(Records from a data collection)
##########

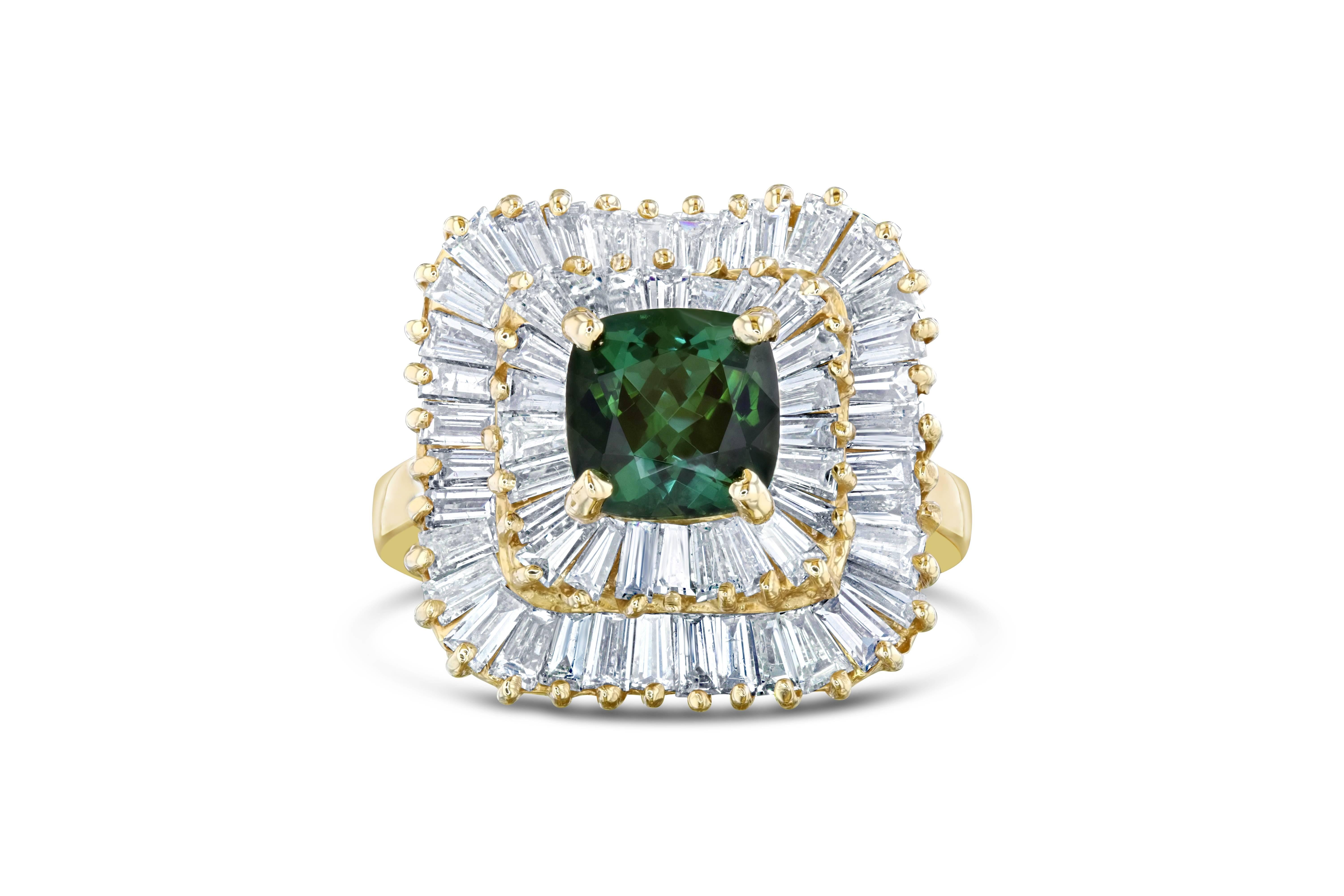 This beautiful ballerina style ring has a Asscher cut Green Tourmaline weighing 1.48 Carats and 60 Baguette Cut Diamonds floating around the tourmaline, weighing 2.18 Carats. The total carat weight of the ring is 3.66 Carats. It is set in 14K Yellow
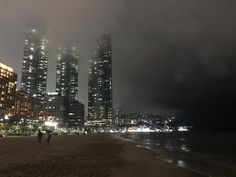 two people walking on the beach in front of some tall buildings with lights at night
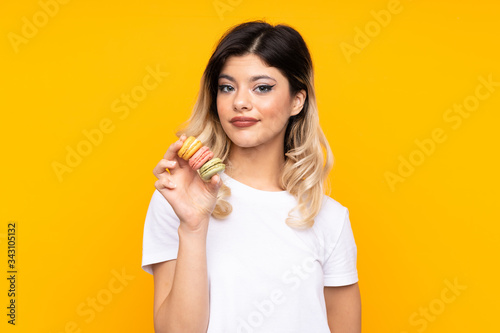 Teenager girl isolated on yellow background holding colorful French macarons and with sad expression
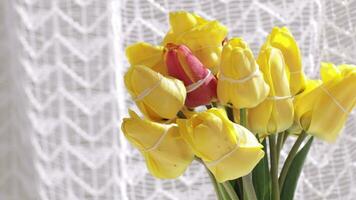 a vase with yellow and red tulips in it video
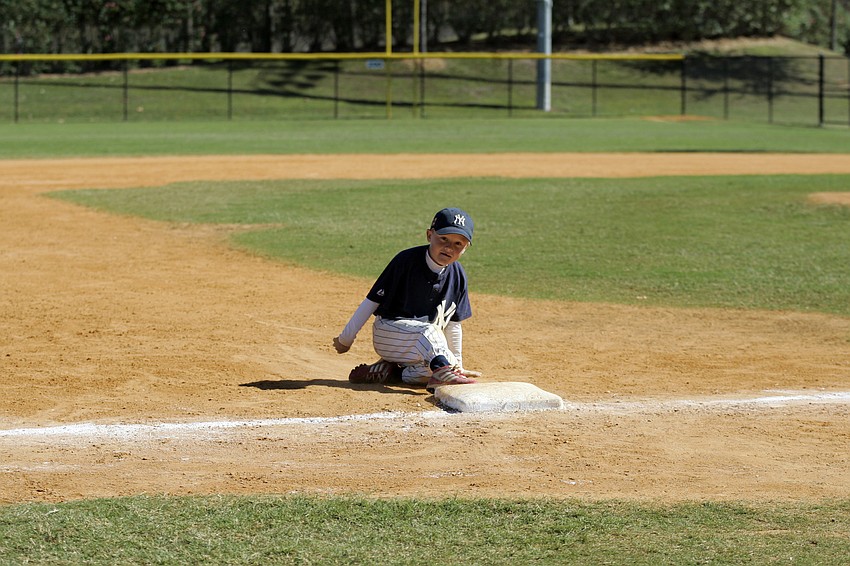 Eight-year-old Aulden St. Lawrence celebrated his Rookie Division Championship by continually rounding the bases long after his teammates had left the ballpark.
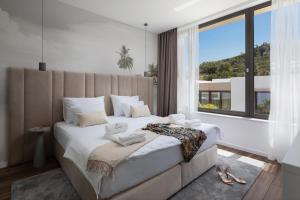 Postel nebo postele na pokoji v ubytování The Palms resort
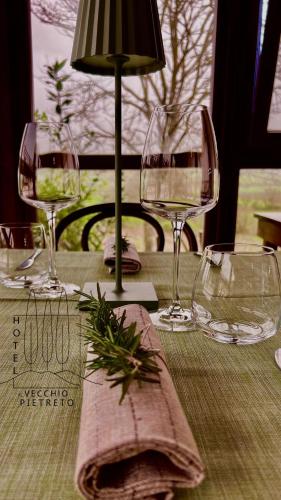 a table with wine glasses and a napkin on it at Hotel Il Pietreto in Colle Val D'Elsa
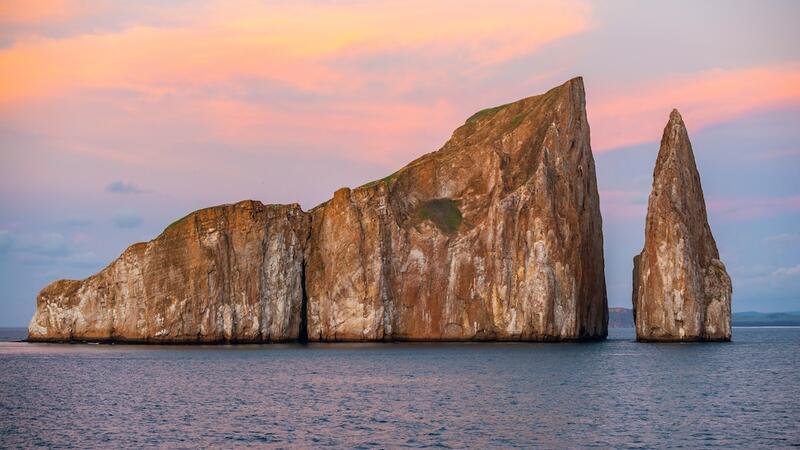 The volcanic rock formation of Kicker Rock (Leon Dormido) at sunset in the Pacific Ocean with sea birds silhouettes flying above the landmark, San Cristobal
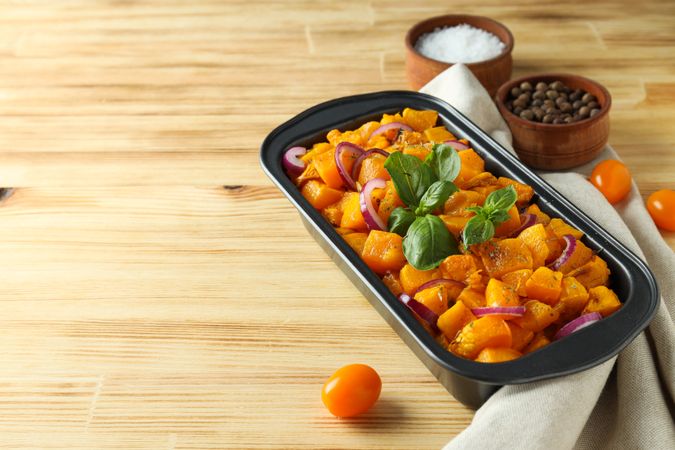 Concept of tasty homemade dish - baked pumpkin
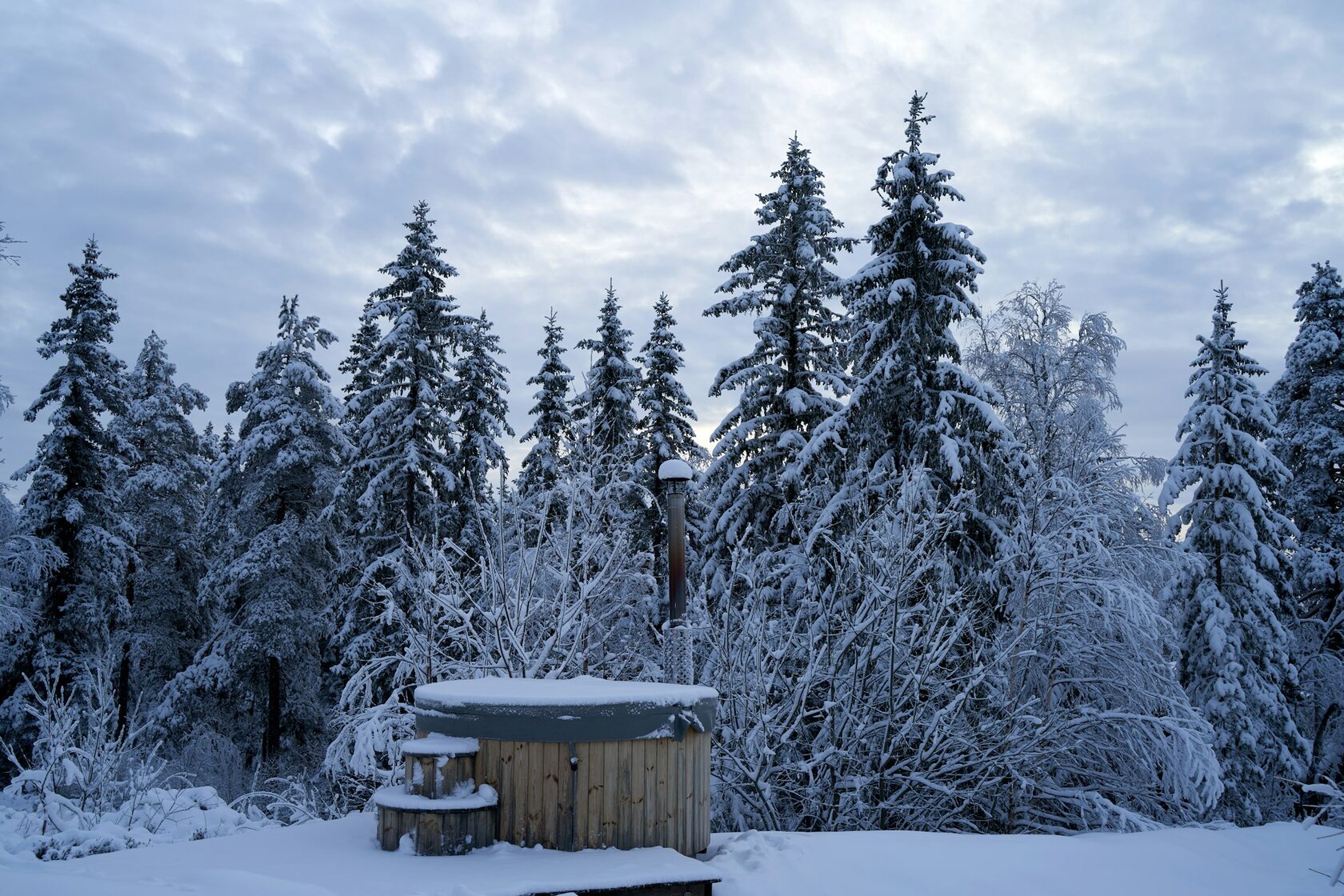 Outdoor hot tub in snow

##########

### Exercise objective
Give back the data verbatim. The pictures are not part of the copy.

### Answer area
 This beautiful ballerina style ring has a Asscher cut Green Tourmaline weighing 1.48 Carats and 60 Baguette Cut Diamonds floating around the tourmaline, weighing 2.18 Carats. The total carat weight of the ring is 3.66 Carats. It is set in 14K Yellow
 two people walking on the beach in front of some tall buildings with lights at night
 Teenager girl isolated on yellow background holding colorful French macarons and with sad expression
 a vase with yellow and red tulips in it video
 Eight-year-old Aulden St. Lawrence celebrated his Rookie Division Championship by continually rounding the bases long after his teammates had left the ballpark.
 Postel nebo postele na pokoji v ubytování The Palms resort
 a table with wine glasses and a napkin on it at Hotel Il Pietreto in Colle Val D'Elsa
 The volcanic rock formation of Kicker Rock (Leon Dormido) at sunset in the Pacific Ocean with sea birds silhouettes flying above the landmark, San Cristobal
 Concept of tasty homemade dish - baked pumpkin
 Outdoor hot tub in snow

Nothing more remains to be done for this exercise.